Recently, while implementing a geographic search for an API in MongoDB and Node, I came across a variant of JSON I had never heard of: Newline Delimited JSON (NDJSON). I had copied and pasted this example dataset from MongoDB and started trying to use it before noticing a couple peculiar features in its structure: there was no outer array or parent object, and there were no commas between each member object.
I started searching Google with terms like, “parse json no comma.” As I learned that I was dealing with NDJSON, it surprised me that I had gone 5 years as a developer without ever hearing of any variants of JSON, and that when I found questions on Stackoverflow and various GitHub tickets asking similar questions, some of the top, first responses just said things like, “That’s improperly formatted JSON.”
All I wanted to do was seed my database with a one-off script.
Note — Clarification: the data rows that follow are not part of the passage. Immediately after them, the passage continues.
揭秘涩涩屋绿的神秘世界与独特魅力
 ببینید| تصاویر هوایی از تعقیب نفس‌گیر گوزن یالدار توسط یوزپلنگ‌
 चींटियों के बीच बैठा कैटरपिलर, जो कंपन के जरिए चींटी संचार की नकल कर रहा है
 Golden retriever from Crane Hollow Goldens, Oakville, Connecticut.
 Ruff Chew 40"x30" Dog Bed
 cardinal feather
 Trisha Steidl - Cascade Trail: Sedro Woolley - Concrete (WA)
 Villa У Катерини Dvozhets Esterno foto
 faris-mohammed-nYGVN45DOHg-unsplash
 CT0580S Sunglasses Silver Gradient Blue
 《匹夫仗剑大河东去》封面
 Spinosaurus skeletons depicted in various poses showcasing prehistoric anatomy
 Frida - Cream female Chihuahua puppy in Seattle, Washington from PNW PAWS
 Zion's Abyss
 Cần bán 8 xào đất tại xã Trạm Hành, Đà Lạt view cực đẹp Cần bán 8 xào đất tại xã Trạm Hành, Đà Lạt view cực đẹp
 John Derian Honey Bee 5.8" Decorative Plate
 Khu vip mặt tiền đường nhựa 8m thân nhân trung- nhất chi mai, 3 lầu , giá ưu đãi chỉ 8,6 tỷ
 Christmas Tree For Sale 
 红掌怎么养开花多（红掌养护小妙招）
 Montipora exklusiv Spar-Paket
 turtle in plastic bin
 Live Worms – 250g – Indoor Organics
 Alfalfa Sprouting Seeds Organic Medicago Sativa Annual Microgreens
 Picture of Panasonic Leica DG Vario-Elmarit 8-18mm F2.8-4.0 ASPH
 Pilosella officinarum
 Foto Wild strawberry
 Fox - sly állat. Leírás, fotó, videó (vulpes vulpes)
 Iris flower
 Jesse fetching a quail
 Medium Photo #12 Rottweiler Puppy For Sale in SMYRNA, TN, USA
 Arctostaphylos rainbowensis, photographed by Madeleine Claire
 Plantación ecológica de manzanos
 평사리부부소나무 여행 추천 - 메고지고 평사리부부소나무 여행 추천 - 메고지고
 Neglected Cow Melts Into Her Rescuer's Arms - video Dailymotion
I ended up installing a package called ndjson
to import the data, do a slight transformation of some keys, and write an output file in “traditional” JSON.
const fs = require('fs');
const ndjson = require('ndjson');
let zipsToOutput = [];
fs.createReadStream('src/data/raw/zips.json')
.pipe(ndjson.parse())
.on('data', (obj) => {
zipsToOutput.push(obj);
})
.on('end', () => {
const mappedZips = zipsToOutput.map(({ _id, city, loc, pop, state }) => ({
zip: _id,
city,
loc,
pop,
state
}));
fs.writeFile(
'src/data/processed/zips.json',
JSON.stringify(mappedZips),
'utf8',
(err) => {
if (err) {
console.error(err);
return;
}
console.log('done writing ndjson to json');
}
);
});